Y es verdad, ya que la vida, en abundantes ocasiones, la convertimos en la cima de la estupidez y la soberbia. Y bajo las premisas y los dictados de estas procelosas aguas, la navegamos.

Evidentemente, este es uno de los motivos esenciales de nuestros vacíos existenciales: situamos lo importante en el reino maldito de lo banal, de lo insustancial; y nos pasamos la vida buscando lo fundamental en recónditos lugares en donde no está.

Esto trae como consecuencias básicas, primero, que muchas olas de esas aguas de la vida nos suban con fuerza al limbo, y segundo, que en otras olas, quedemos bajo la longitud de su onda y nos ahoguen al disolverse sobre sí.

 Y esa es principalmente hoy la vida, paraos a pensar un momento y lo comprobaréis.

Tras unos cuantos de años sin hacerlo, este verano lo he pasado en mi pueblo, en Nuñomoral. Y durante las mañanas del mes de agosto, tras una serie de reflexiones personales, decidí subir a mi moto y viajar por las distintas alquerías que componen el Ayuntamiento de Nuñomoral y realizar algunas visitas.

Para no tener que impostar casualidades inexistentes, antes de nada, pensaba a la persona o familia concreta que iba a ir a visitar, por lo que mi acción se realizaba de manera directa y expresa. Y aproveché para dar algunos pésames y para visitar algunos enfermos, personas que, en ambos casos y respectivamente, conocí vivas y sanas.

Comprobé, en el caso de las familias que habían perdido a algún ser querido, que el denominador común que desgarra en la muerte es el vacío y el recuerdo. Lo más duro en sí, para la mayoría, no era la ausencia de esa persona ya allí, a su lado. Es decir, lo verdaderamente doloroso no era la desaparición de su marido, mujer, padre, madre, hijo, hija… como ser independiente, sino el vacío que quedaba en su propio entorno, en su vida. Alguna vez lo he escrito ya en mi blog: ante una muerte no lloramos por lo que se va, sino por lo que nos queda. Y esto es una forma un tanto egoísta de situar el afecto y enfocar el dolor, que además hace que el sufrimiento sea más intenso y más prolongado en el tiempo.

Como sé fehacientemente que este blog es leído por mucha gente de mi zona, para huir de cualquier atisbo de sensacionalismo o morbo y preservar la intimidad y el anonimato de los implicados, he tomado la precaución de que todos los nombres que aparecen, aunque representen el hecho real, sean ficticios.

Por razones estrictamente personales, tengo un aprecio enorme a la inmensa mayoría de gentes de todo el municipio de Nuñomoral, incluso en muchos casos puedo afirmar que siento un afecto especial por mis paisanos, sobre todo por las personas mayores.

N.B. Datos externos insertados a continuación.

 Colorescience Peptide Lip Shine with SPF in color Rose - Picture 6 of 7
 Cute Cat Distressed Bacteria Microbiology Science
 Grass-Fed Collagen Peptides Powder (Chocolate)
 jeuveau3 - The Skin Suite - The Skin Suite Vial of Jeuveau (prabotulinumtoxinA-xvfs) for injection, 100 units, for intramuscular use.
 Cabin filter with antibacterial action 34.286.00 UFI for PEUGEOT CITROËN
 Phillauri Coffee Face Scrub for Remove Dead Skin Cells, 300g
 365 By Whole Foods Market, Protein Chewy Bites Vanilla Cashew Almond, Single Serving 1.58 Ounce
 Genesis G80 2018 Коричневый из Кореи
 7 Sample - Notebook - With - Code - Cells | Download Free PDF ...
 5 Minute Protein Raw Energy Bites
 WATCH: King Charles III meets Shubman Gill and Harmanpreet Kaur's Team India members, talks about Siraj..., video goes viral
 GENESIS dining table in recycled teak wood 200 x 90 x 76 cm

Genéricamente, aunque con diferentes matices dependiendo de las personas, en los términos que cuento en la conversación que abre esta entrada de blog mantuve las conversaciones cuando se trataba de gentes que estaban pasando un duelo por la desaparición de algún ser querido.

Y de la desolación y el dolor que proyectaban los ojos de estas personas, nacen las reflexiones que acabo de contar acerca de los tipos de vida actuales y del intemporal dolor de la muerte.